According to recent information from five major Korean banks – Shinhan Bank, Kookmin Bank, Korea Exchange Bank (KEB), Woori Bank and Hana Bank – total deposits by Chinese customers at their Jeju branches have more than doubled since 2012, with some banks reported a much higher rate of increase.
KEB said deposits from Chinese customers at its two offices on Korea’s southernmost island totaled 260.8 billion won ($254.8 million) in March, up from 4.3 billion won in 2012. During the same period, the number of Chinese corporate clients rose from nine to 43, while the number of Chinese private clients increased from 10 to 311, the lender added.
Woori Bank said it had 100 Chinese clients at its Jeju branches, who deposited a total of 196.9 billion won in March.

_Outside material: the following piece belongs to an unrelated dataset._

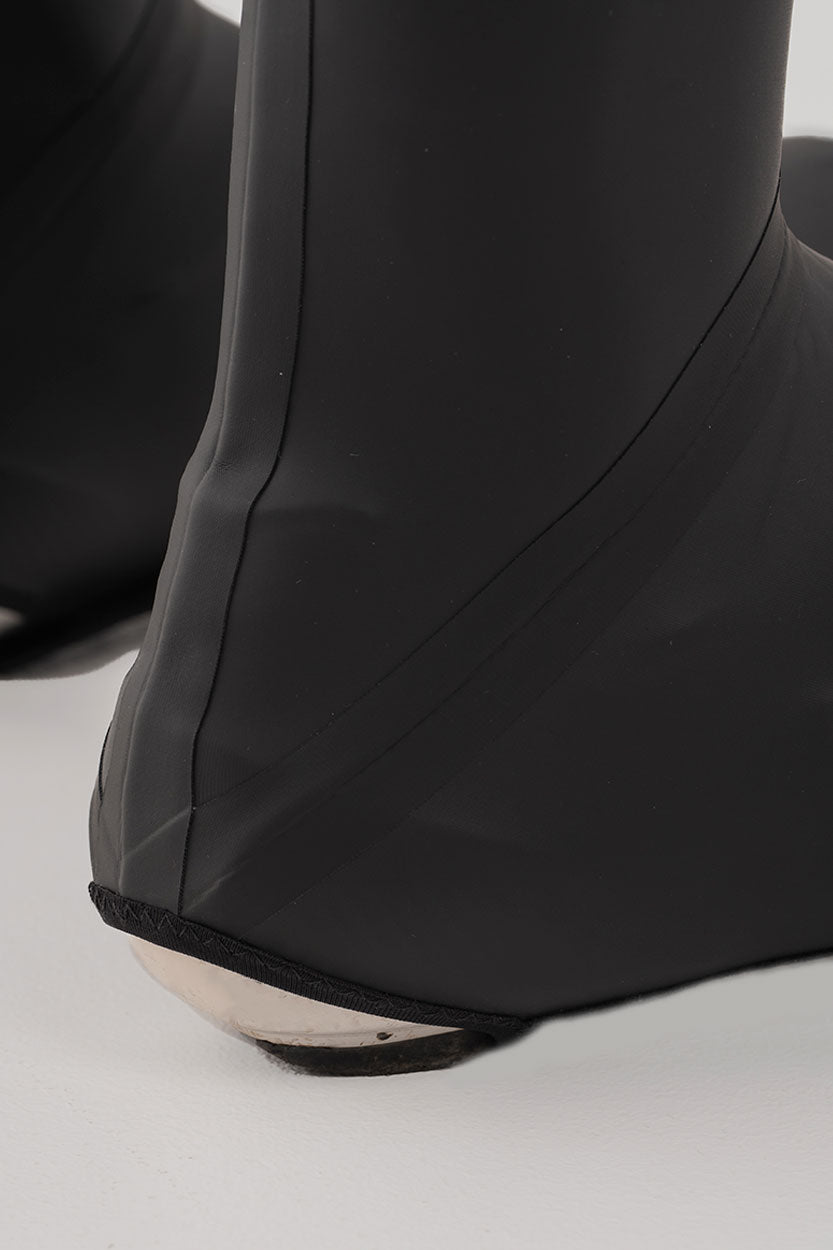 Botines HydroBlock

In December 2011, it had 82 customers, who deposited a total of 151.5 billion won.
Local bankers speculated that the rise in banking activity has been fueled by investors participating in property development projects on the island who have become permanent residents of Korea.
Jeju is treated like a special economic zone in Korea, where the government allows gambling and non-Koreans who purchase apartments or condominiums worth over 500 million won ($488,000) and reside there for more than five years can be granted permanent residency.

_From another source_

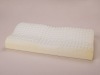 cosmetic massage pillow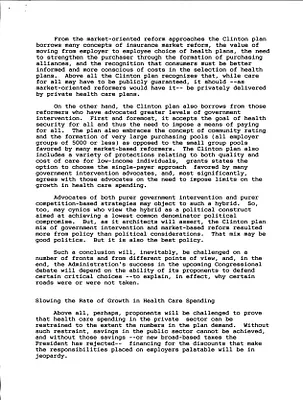 p. 52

Chinese Developing Casinos and Vacation Homes
In February this year a Chinese developer announced that it was joining with the company behind one of Singapore’s Sentosa casinos to invest US$2.2 billion in a new gambling-centred project on the island.
The joint venture between Genting Singapore Plc and Landing International Development Ltd. would create the Resorts World Jeju – the largest destination on South Korea’s Jeju Island.
In December last year, Dalian Wanda announced that it will be building the Jeju Dream Tower after signing a contract with an affiliate of South Korea’s Lotte Tour to build a pair of residential towers, both over 60 stories tall, on the island. Wanda, which is controlled by China’s richest man, Wang Jianlin, has become one of the country’s leading overseas investors.
The ferry that capsized on April 16 with 459 passengers onboard off the coast of South Korea was headed to Jeju Island. The island is only 533 kilometres (331 miles) from Shanghai.